VwGH 86/13/0068

VwGH86/13/006820.5.1987

Der Verwaltungsgerichtshof hat durch den Vorsitzenden Senatspräsident Mag. Hofstätter und die Hofräte Dr. Iro, Dr. Drexler, Dr. Pokorny und Dr. Fürnsinn als Richter, im Beisein der Schriftführerin Rat Dr. Papierer, über die Beschwerde der 1.) R-KG in W und der 2.) A-gesellschaft m.b.H. in W, beide vertreten durch Dr. Karl Hempel, Rechtsanwalt in Wien I, Parkring 2, gegen den Bescheid der Finanzlandesdirektion für Wien, Niederösterreich und Burgenland vom 27. März 1986, Zl. GA 4-1699/86, betreffend Aufhebung von Bescheiden betreffend die einheitliche und gesonderte Feststellung von Einkünften für die Jahre 1983 und 1984 gemäß § 299 Abs. 2 BAO, 1.) den Beschluß gefaßt:

Die Beschwerde der Zweitbeschwerdeführerin wird zurückgewiesen.

2.) zu Recht erkannt:

Normen

BAO §188 Abs1 litd;
BAO §191 Abs3 litb;
EStG 1972 §23 Z3;
EStG 1972 §28;
HGB §167 Abs3 impl;

 

Spruch:

Die Beschwerde der Erstbeschwerdeführerin wird als unbegründet abgewiesen.

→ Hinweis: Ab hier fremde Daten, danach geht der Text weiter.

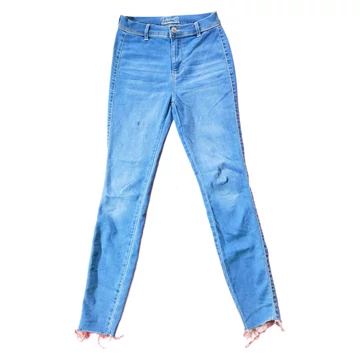 Denim 1982 szaggatott végű világoskék női farmer 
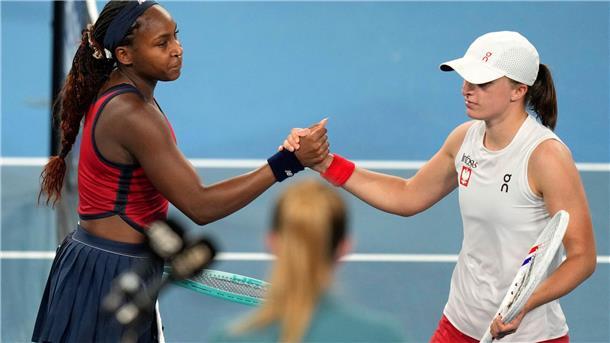 Mit Gauff und Fritz: US-Team gewinnt United Cup Iga Swiatek (r) gratuliert Coco Gauff (l) - das US-Team sichert sich den Titel im United Cup.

Die Beschwerdeführerinnen haben dem Bund zu gleichen Teilen Aufwendungen in der Höhe von insgesamt S 2.760,-- binnen zwei Wochen bei sonstiger Exekution zu ersetzen.

Begründung

Die Erstbeschwerdeführerin ist eine im Handelsregister eingetragene Kommanditgesellschaft, an der neben zahlreichen anderen (physischen) Personen auch die zweitbeschwerdeführende Gesellschaft m.b.H. als Kommanditistin beteiligt ist. Die Erstbeschwerdeführerin hat in den Streitjahren unbestritten keine gewerbliche Tätigkeit, sondern ausschließlich die Verwaltung von Grundstücken betrieben und daraus Einkünfte aus Vermietung und Verpachtung (§ 28 EStG 1972) bezogen.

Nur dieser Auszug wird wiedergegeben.